True, it is not the laws but the T-TPLF that “hinders the implementation of these laws.”  I also have no doubts that Hailemariam and his T-TPLF will “implement” (I did not say rig or manipulate)  the “election laws”  to deliver a “perfect election”. They damn near had a “perfect election” in 2010. They won by 99.6 percent! That is what I call a super duper close near miss or near hit. What’s four-tenths of a point away from 100 percent, anyway! A teeny weeny statistical error?  (By the way, I want to be the first one to offer kudos to the T-TPLF for having won the “perfekt elektion” in May 2015 now. I guess Hailemariam will soon find out the meaning of the expression, “use him and lose him.) The last time  such perfektion was achieved anywhere in the world was during the 2002 Iraqi election. Saddam Hussien won by 11 million-to-0.)

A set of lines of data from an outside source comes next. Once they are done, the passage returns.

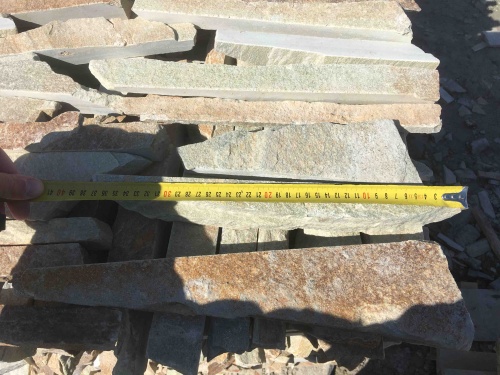 Горбушка златолит золотистый для облицовки купить в Среднеуральске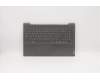 Lenovo 5CB1A29940 C-Abdeckung mit Tastatur, Englisch (GB), Platingrau, Hintergrundbeleuchtung, Fingerabdruck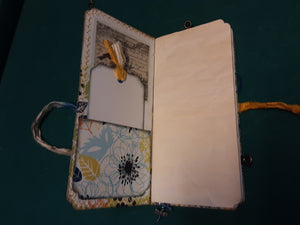 Travel Journal in Blue and Yellow Floral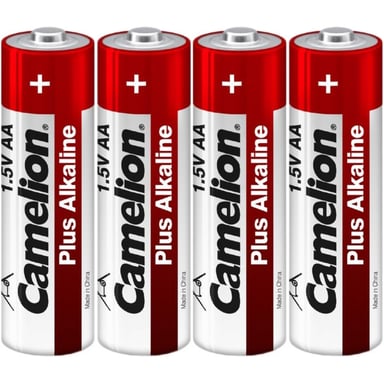 Батарейка Camelion AA LR6 Plus Alkaline (Shrink) * 4 (LR6-SP4) - фото 1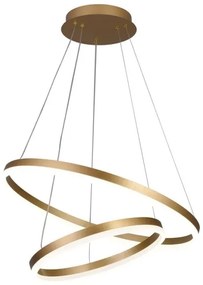 LED Stmievateľný luster na lanku LED/70W/230V 3000-6500K + diaľkové ovládanie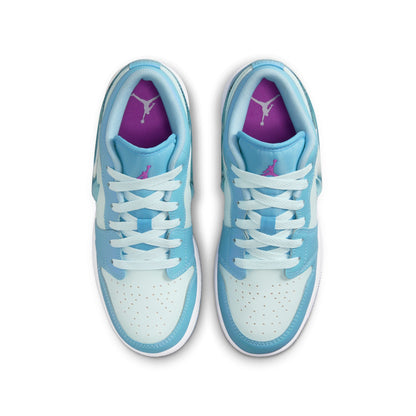 Air Jordan 1 Low SE "Aquarius Blue" GS - FN7366-400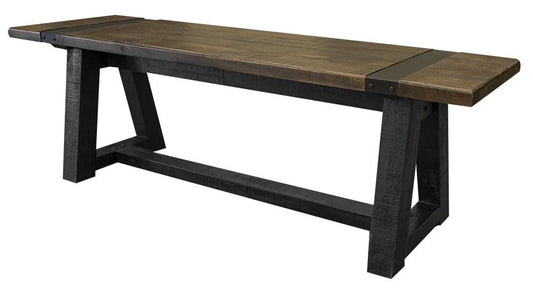 IFD - Urban Art Solid Wood Bench - IFD5201BEN veiw 1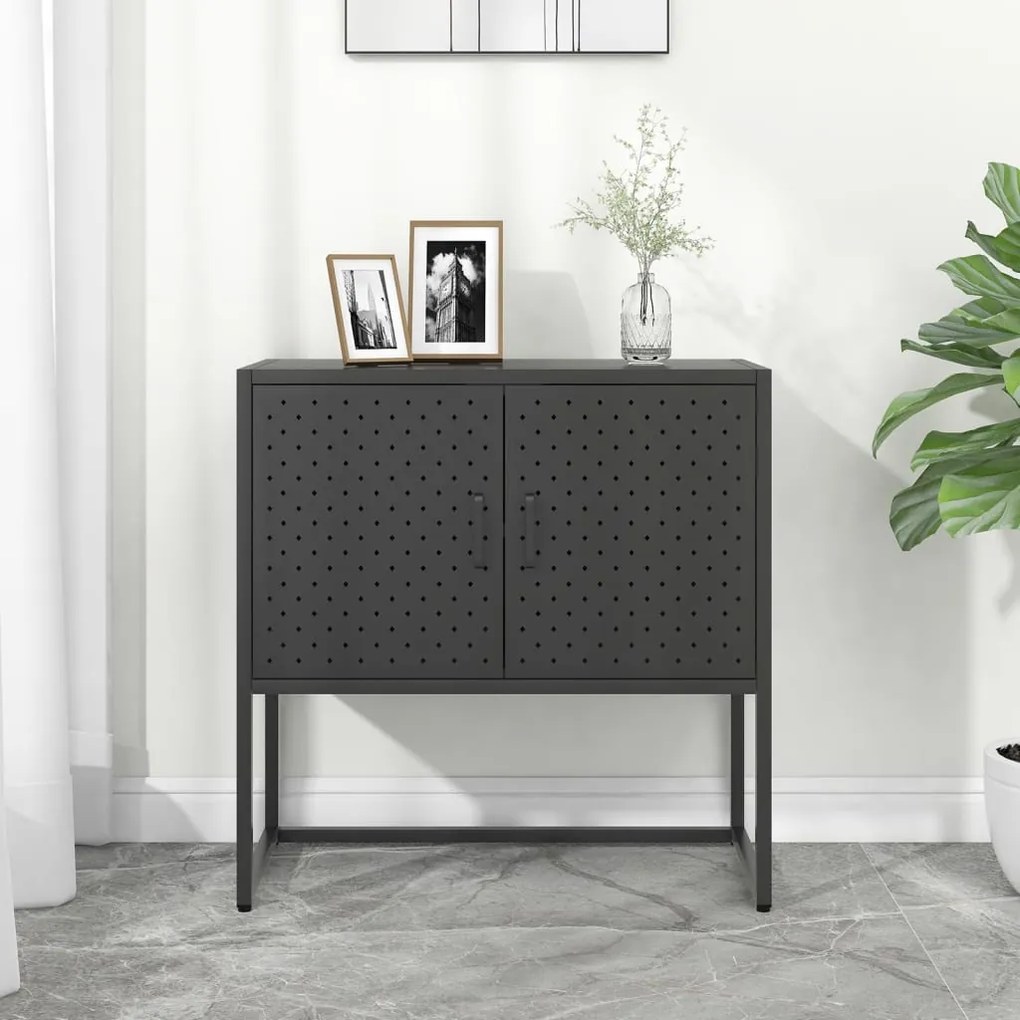 335873 vidaXL Servantă, antracit, 75x35x75 cm, oțel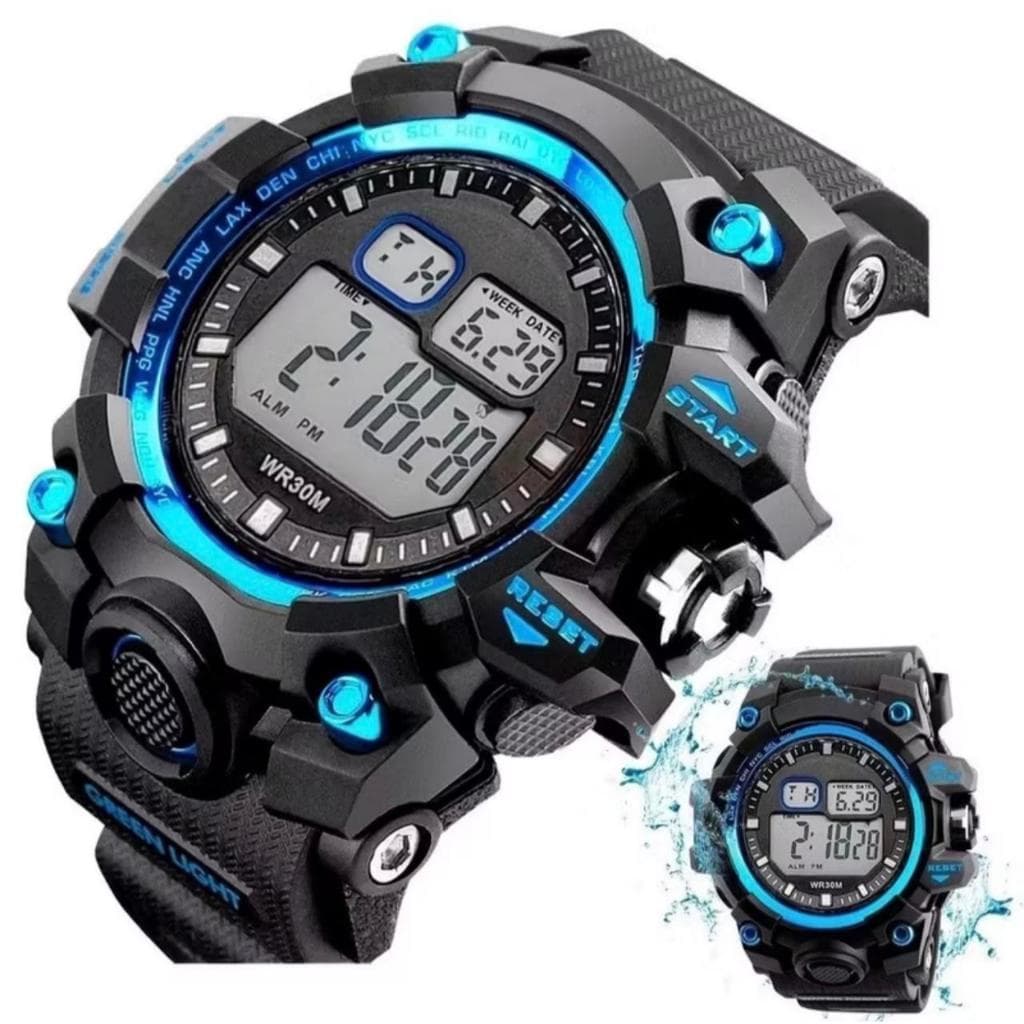 Relógio Masculino De Pulso Digital Sport Com Luz de Led A Prova D'água SK 01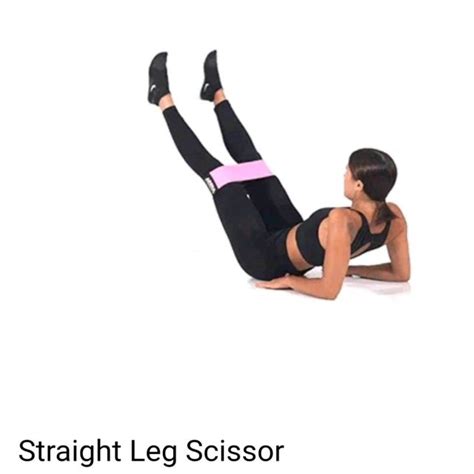 Straight Leg Scissors Exercise How To Workout Trainer By Skimble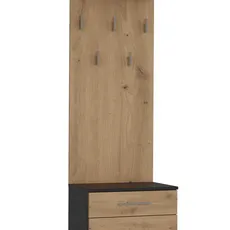 TP Living Předsíňová stěna Duo dub artisan/antracit II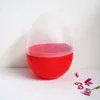 top transparent bottm red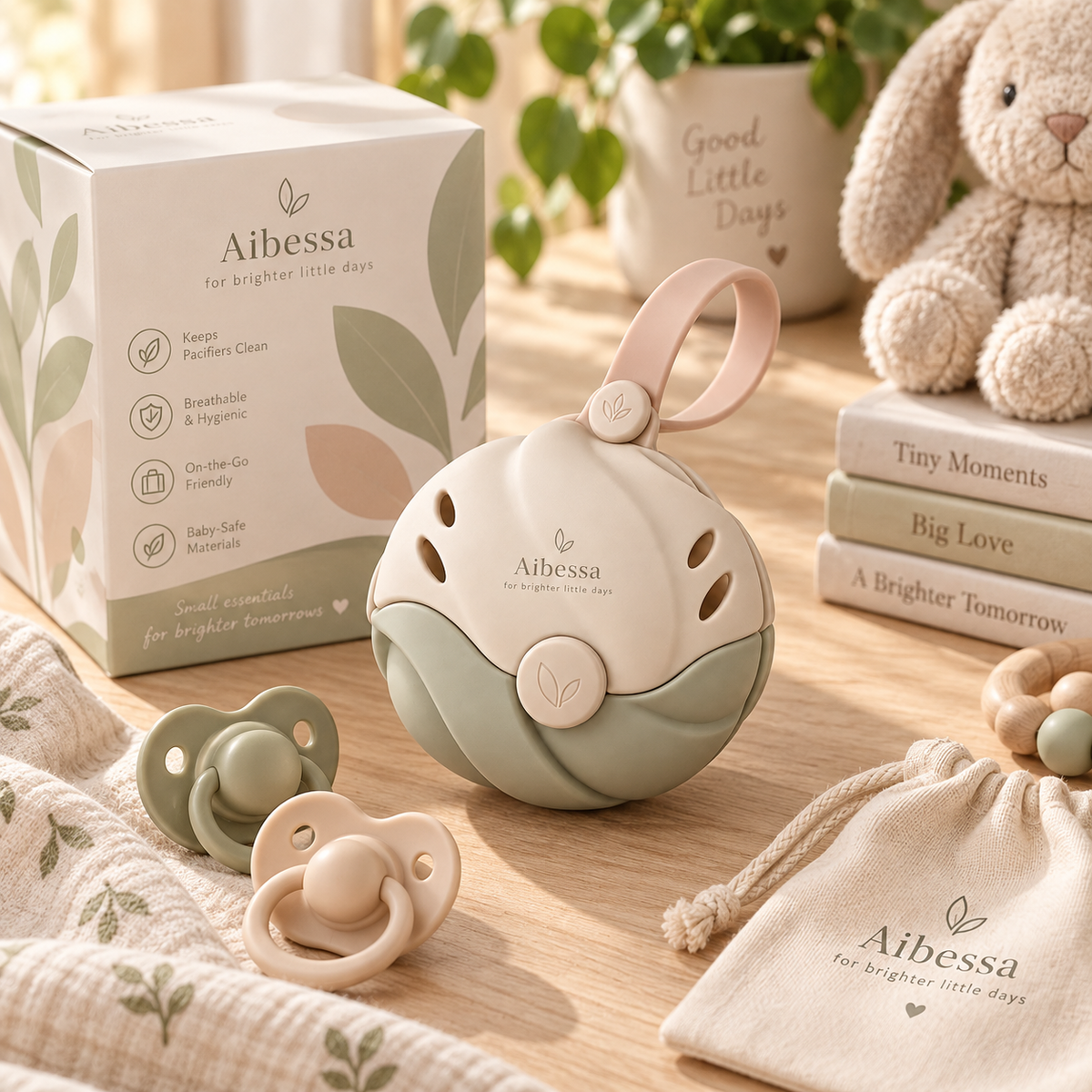 TwistShell Pacifier Storage Case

Lately, I have read some commentaries and heard media discussions on the Ethiopian “elektion”. It is important to have robust public debate and discussions on a topic of such importance.  Learned commentators have a moral duty to educate the broader public. I am often asked by media sources and others to comment.  They want me to look into my crystal ball and divine if the 2015 election will be free and fair?” I tell them emphatically it will not be free and fair, but it is guaranteed to be a “perfekt elektion”.

My other answer is a question. “What elektion? It is true that “a rose by any other name would smell as sweet”, but an “elektion” in a thug police state by any other spelling would stink to the high heavens.

I have commented on the madness of “elections” in the T-TPLFpolice thug state for years. In my October 2009 commentary, “Ethiopia: Mission Impossible?”, I argued that there must exist a civic culture that promotes and nurtures co-equality, equity, civility, good faith, mutual respect and tolerance to ensure free and fair elections. I predicted the 2010 “election” will prove to be a sham, a travesty of democracy, a mockery and a caricature of democratic elections. I was wrong. It proved to be a near “perfekt elektion”.

The 2010 “elektion” actually proved to be an actual case proving the truth of the old saw about the pig with lipstick. In 2015, the fat old sow (pig) is trotted out once again for public display with makeup, lipstick and all. The T-TPLF is now busy jazzing up the 2015 elektion to legitimize its one-clique, one-party thugtatorship with a “code of conduct”, “elektion board”, voter registration, elektion observers and the rest of it. They want to hoodwink us into believing that a pig in the sty with lipstick is actually a swan floating on a placid lake, a butterfly fluttering in the rose garden or a lamb frolicking in the meadows. They think lipstick will make everything look pretty.  At the end of the day, a pig in lipstick is still a pig. Likewise, an “election” in a thug police state is just an ELEKTION (spelled with a “k” as in fake)  there goes another neologism (new word) for the English language.)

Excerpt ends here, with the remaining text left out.